::: TASK MATERIAL :::
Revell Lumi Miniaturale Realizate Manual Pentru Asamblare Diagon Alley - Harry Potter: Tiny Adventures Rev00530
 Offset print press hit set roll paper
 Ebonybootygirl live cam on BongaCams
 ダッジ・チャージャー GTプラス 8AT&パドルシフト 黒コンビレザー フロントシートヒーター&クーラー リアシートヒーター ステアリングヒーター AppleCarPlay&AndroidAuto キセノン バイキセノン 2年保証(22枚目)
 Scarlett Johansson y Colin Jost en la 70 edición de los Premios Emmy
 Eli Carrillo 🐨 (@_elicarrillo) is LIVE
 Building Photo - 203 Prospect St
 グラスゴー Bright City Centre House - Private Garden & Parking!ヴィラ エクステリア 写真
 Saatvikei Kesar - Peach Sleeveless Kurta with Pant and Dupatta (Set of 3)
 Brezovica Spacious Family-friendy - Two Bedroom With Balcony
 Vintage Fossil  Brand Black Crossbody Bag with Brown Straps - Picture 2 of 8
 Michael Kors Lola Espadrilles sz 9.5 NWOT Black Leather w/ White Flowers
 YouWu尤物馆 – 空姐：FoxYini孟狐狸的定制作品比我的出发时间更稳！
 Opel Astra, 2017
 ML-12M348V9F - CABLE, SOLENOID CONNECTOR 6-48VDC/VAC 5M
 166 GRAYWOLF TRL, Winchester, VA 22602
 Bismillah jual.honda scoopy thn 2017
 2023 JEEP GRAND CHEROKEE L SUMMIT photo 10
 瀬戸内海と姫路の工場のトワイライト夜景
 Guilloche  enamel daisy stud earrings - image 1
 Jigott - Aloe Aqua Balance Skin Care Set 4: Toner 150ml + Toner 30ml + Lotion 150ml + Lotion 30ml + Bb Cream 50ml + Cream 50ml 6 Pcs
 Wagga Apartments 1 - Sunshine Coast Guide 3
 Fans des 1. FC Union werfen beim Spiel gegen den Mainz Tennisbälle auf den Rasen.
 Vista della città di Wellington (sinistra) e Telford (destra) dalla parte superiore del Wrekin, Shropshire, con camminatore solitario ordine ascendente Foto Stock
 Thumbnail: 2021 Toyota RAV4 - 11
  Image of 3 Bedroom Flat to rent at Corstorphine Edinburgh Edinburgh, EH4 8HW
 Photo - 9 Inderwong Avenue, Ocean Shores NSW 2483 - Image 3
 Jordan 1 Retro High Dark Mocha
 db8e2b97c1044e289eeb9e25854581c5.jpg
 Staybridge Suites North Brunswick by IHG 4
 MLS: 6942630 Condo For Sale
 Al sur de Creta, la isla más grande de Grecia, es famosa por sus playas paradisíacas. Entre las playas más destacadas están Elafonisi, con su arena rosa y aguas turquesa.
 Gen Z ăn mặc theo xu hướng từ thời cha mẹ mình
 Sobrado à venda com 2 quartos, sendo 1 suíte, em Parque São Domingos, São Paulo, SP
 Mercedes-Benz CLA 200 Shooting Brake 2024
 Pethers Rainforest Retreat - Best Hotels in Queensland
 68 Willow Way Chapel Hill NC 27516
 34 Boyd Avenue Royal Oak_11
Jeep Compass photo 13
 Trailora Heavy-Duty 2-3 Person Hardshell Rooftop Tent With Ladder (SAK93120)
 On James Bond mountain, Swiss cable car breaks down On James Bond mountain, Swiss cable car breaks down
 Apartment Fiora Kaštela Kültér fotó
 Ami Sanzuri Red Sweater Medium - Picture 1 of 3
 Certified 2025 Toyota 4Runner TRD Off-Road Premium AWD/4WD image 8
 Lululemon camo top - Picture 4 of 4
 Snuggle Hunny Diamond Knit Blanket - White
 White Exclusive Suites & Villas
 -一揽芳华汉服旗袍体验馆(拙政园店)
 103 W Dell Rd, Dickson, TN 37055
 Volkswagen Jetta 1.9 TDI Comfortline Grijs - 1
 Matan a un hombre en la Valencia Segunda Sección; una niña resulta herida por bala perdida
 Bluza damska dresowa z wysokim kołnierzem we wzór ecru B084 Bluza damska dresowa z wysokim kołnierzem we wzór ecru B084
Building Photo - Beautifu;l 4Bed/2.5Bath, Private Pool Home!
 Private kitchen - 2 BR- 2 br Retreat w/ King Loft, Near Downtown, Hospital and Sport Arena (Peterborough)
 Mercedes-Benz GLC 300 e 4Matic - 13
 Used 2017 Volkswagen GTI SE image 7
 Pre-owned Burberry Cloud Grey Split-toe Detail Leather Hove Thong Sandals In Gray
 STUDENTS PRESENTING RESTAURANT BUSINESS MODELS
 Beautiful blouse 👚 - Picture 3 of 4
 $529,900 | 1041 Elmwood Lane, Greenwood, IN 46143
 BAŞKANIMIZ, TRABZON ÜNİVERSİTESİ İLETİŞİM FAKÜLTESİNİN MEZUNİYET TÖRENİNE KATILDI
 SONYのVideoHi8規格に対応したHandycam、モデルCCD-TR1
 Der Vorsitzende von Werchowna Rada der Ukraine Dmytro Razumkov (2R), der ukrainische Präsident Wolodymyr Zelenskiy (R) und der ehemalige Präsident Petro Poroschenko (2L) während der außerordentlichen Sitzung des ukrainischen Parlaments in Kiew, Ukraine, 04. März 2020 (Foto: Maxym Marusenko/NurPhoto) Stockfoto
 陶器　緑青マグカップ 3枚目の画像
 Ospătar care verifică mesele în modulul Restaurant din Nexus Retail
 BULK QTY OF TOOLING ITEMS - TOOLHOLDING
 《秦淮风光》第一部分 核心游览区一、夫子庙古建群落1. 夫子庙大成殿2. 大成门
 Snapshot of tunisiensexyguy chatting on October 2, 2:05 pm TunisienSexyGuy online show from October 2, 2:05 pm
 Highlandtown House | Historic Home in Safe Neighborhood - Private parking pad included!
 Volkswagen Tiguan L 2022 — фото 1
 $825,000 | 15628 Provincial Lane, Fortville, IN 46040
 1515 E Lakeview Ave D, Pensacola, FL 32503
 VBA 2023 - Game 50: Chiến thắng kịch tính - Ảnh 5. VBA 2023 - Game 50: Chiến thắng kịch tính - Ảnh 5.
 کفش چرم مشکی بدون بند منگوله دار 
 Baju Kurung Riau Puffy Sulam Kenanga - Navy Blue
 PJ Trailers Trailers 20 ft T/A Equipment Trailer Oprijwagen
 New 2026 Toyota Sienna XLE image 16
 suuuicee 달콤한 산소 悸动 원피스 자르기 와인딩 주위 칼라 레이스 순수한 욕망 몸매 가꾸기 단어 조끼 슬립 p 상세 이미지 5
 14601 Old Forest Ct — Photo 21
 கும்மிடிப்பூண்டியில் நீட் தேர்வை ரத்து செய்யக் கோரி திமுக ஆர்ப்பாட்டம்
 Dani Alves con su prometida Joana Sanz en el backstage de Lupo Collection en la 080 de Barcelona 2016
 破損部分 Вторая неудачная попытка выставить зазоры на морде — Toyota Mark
:::
YOUR GOAL: Repeat only what lies between the first line of the data and the line containing "Bismillah jual.honda scoopy thn 2017", both of those lines included, exactly as it stands.

TASK RESPONSE:
Revell Lumi Miniaturale Realizate Manual Pentru Asamblare Diagon Alley - Harry Potter: Tiny Adventures Rev00530
 Offset print press hit set roll paper
 Ebonybootygirl live cam on BongaCams
 ダッジ・チャージャー GTプラス 8AT&パドルシフト 黒コンビレザー フロントシートヒーター&クーラー リアシートヒーター ステアリングヒーター AppleCarPlay&AndroidAuto キセノン バイキセノン 2年保証(22枚目)
 Scarlett Johansson y Colin Jost en la 70 edición de los Premios Emmy
 Eli Carrillo 🐨 (@_elicarrillo) is LIVE
 Building Photo - 203 Prospect St
 グラスゴー Bright City Centre House - Private Garden & Parking!ヴィラ エクステリア 写真
 Saatvikei Kesar - Peach Sleeveless Kurta with Pant and Dupatta (Set of 3)
 Brezovica Spacious Family-friendy - Two Bedroom With Balcony
 Vintage Fossil  Brand Black Crossbody Bag with Brown Straps - Picture 2 of 8
 Michael Kors Lola Espadrilles sz 9.5 NWOT Black Leather w/ White Flowers
 YouWu尤物馆 – 空姐：FoxYini孟狐狸的定制作品比我的出发时间更稳！
 Opel Astra, 2017
 ML-12M348V9F - CABLE, SOLENOID CONNECTOR 6-48VDC/VAC 5M
 166 GRAYWOLF TRL, Winchester, VA 22602
 Bismillah jual.honda scoopy thn 2017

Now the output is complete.